*Problem description:* Please write out all of the entries beneath this line exactly, skipping the pictures.

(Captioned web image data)
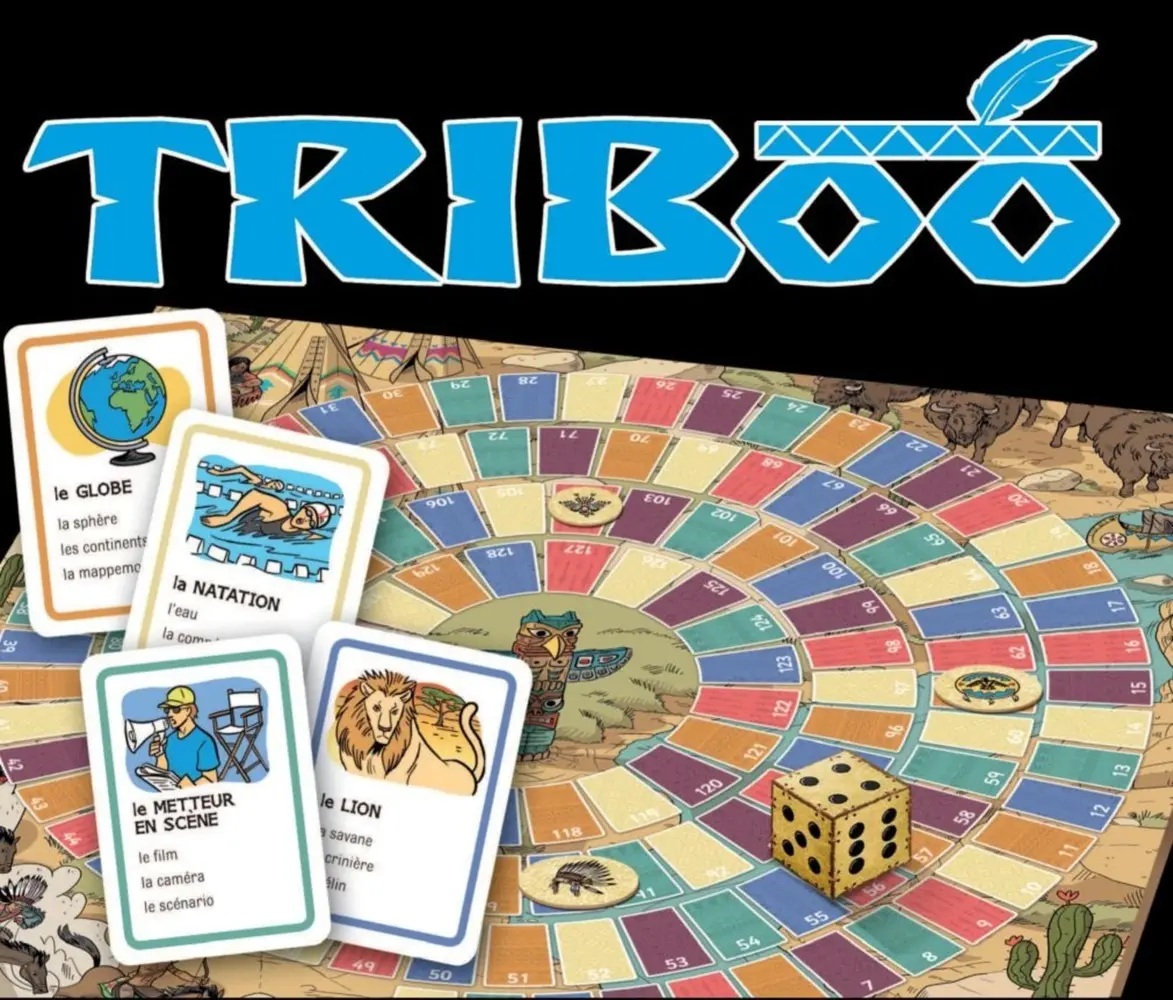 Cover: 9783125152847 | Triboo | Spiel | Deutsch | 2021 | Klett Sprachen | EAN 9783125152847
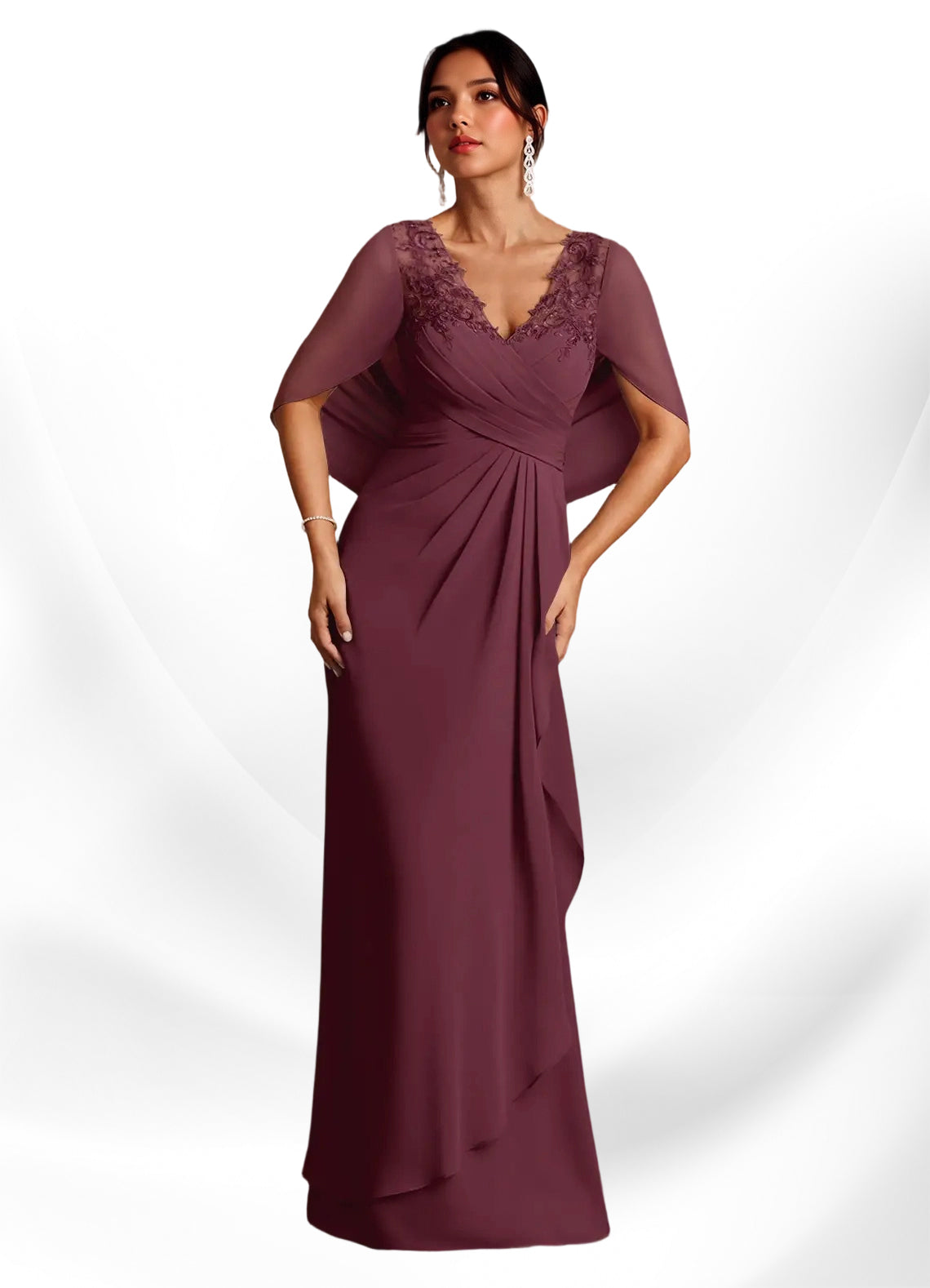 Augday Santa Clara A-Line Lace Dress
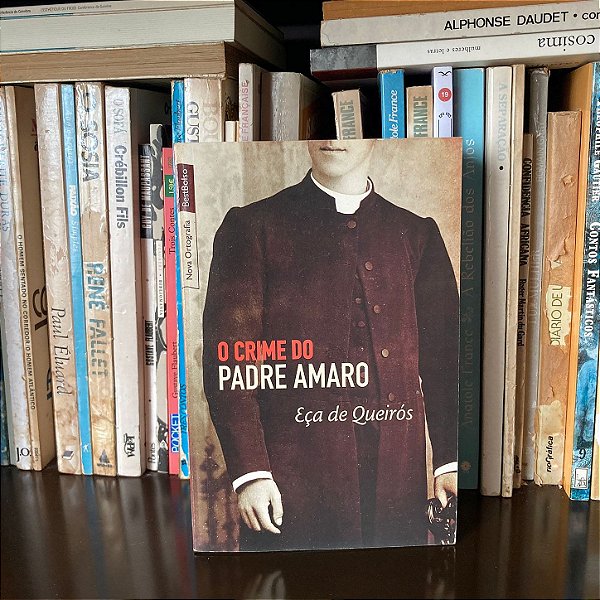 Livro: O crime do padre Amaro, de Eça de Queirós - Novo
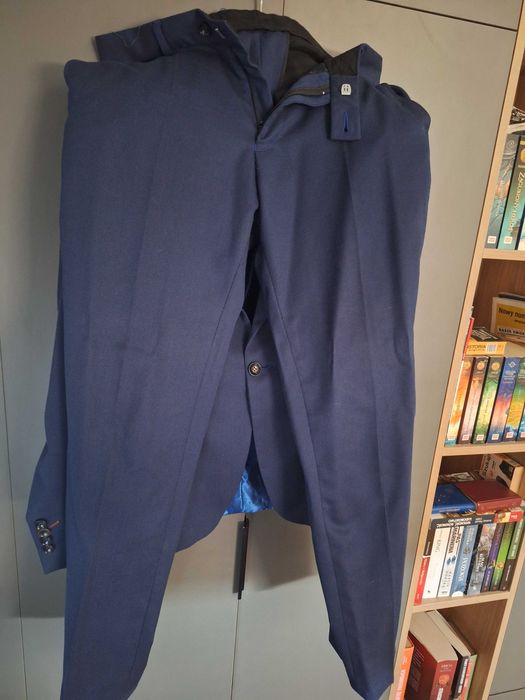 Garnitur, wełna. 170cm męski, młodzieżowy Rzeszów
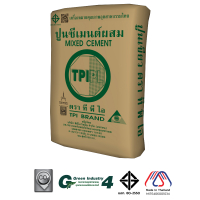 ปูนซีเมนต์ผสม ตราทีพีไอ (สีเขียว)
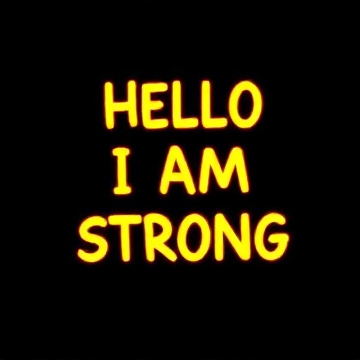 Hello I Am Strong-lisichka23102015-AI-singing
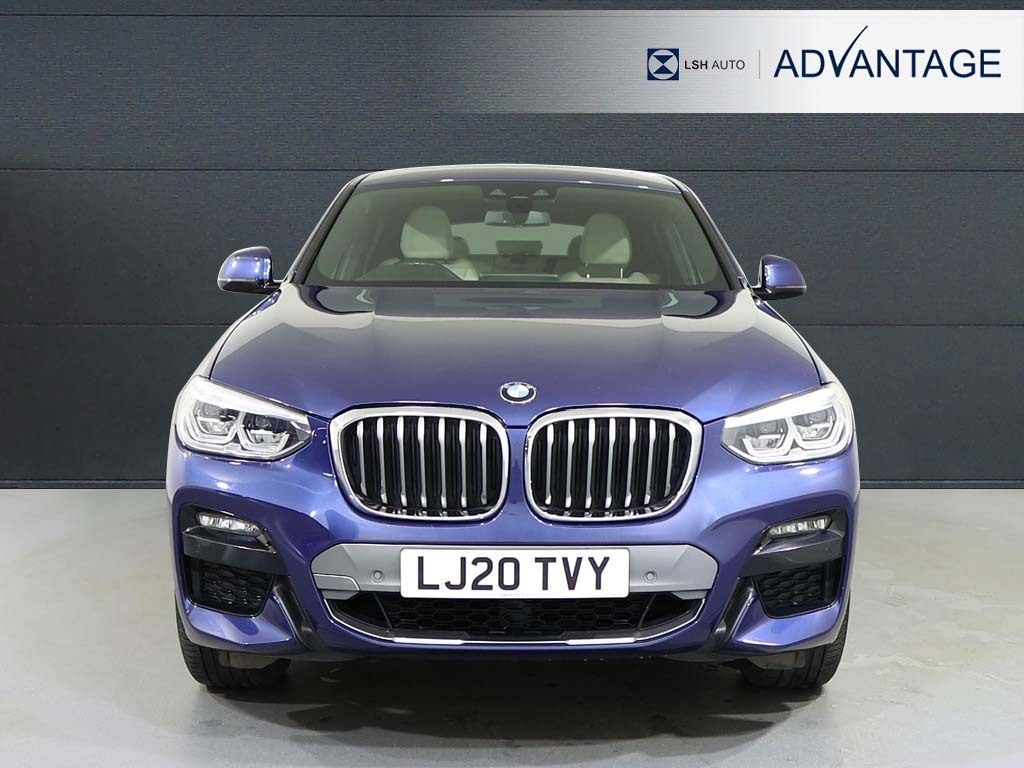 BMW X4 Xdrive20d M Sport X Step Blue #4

*Output for this exercise:*
 Cover: 9783125152847 | Triboo | Spiel | Deutsch | 2021 | Klett Sprachen | EAN 9783125152847
 Augday Santa Clara A-Line Lace Dress
 Livro: O crime do padre Amaro, de Eça de Queirós - Novo
 Garnitur, wełna. 170cm męski, młodzieżowy Rzeszów
 ปูนซีเมนต์ผสม ตราทีพีไอ (สีเขียว)
 Hello I Am Strong-lisichka23102015-AI-singing
 BMW X4 Xdrive20d M Sport X Step Blue #4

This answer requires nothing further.